Being explicit about this is the ethical way to run fallbacks. Two workloads today have no practical substitute:

- **Extended-thinking-heavy research sprints** that use Claude's multi-hundred-thousand-token context. OpenAI's current context ceilings are workable but not equivalent for some engagement types. We would scope any such engagement to avoid hard Claude dependence unless the client accepts the restriction.
- **Eval harness judge runs** where we rely on Claude's calibration to our scoring rubric. We maintain a cross-validated Cohere scorer precisely because this workload has the least model-swap tolerance.

## Drill schedule

Quarterly.
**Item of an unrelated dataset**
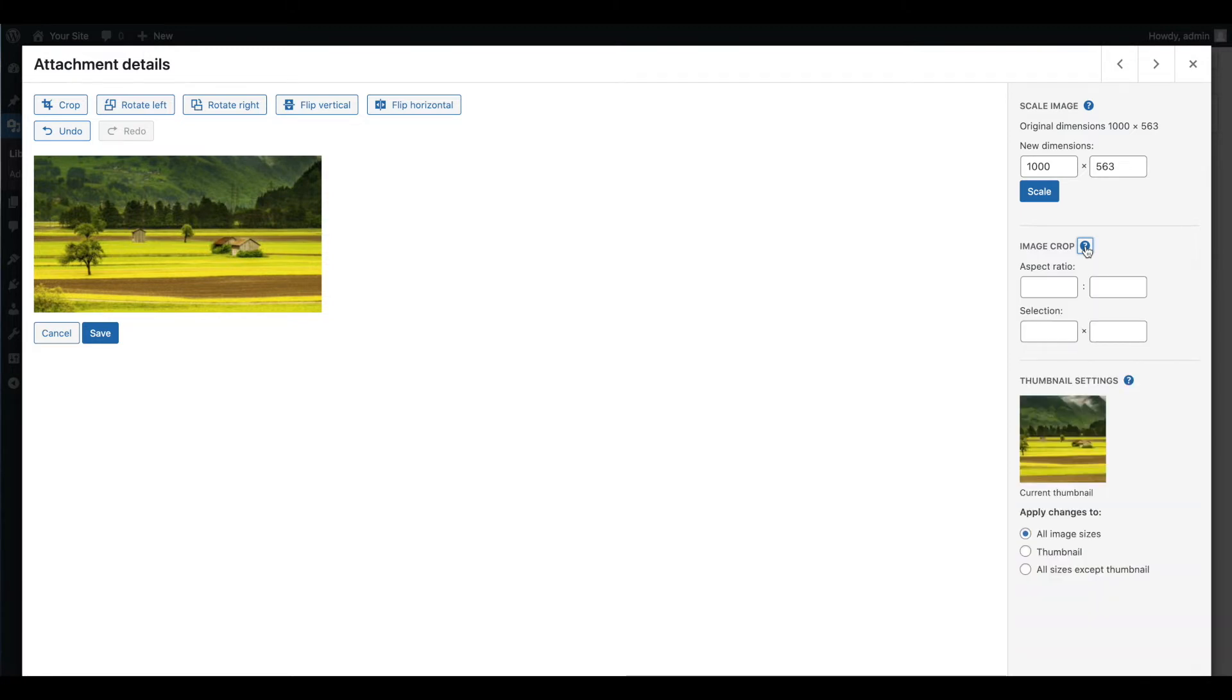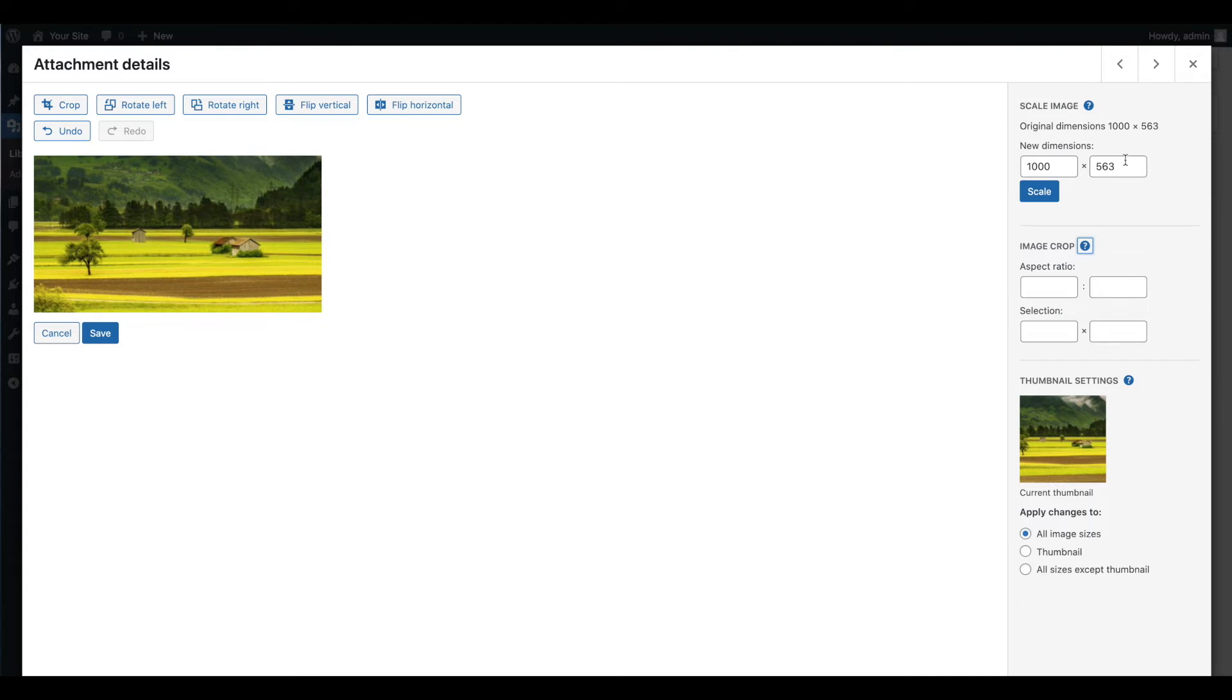To proportionally scale your image, you can enter new dimensions in the fields in the top right corner of the editor. The second value will populate automatically when you enter the first one in order to maintain your aspect ratio.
Recorded here when run.

| Quarter | Date | Service line drilled | Result | Editorial time impact | Notes |
|---|---|---|---|---|---|
| 2026-Q2 | 2026-05-15 (planned) | Cybersecurity | pending | - | First drill. |

After each drill we update the per-service-line entry above with the current quality delta estimate and any templates that need re-tuning.

## Communication to clients

The substitution clause is in the engagement contract at section 8.3 ("Model availability and substitution"). It says: if the primary model is unavailable or policy-blocked, we notify the client within 48 hours, explain the substitution plan, re-price the engagement if the substitution materially affects deliverable quality or timeline, and offer the client a clean exit if the re-pricing is unacceptable. No client has exercised this clause at the time of writing because no substitution has occurred.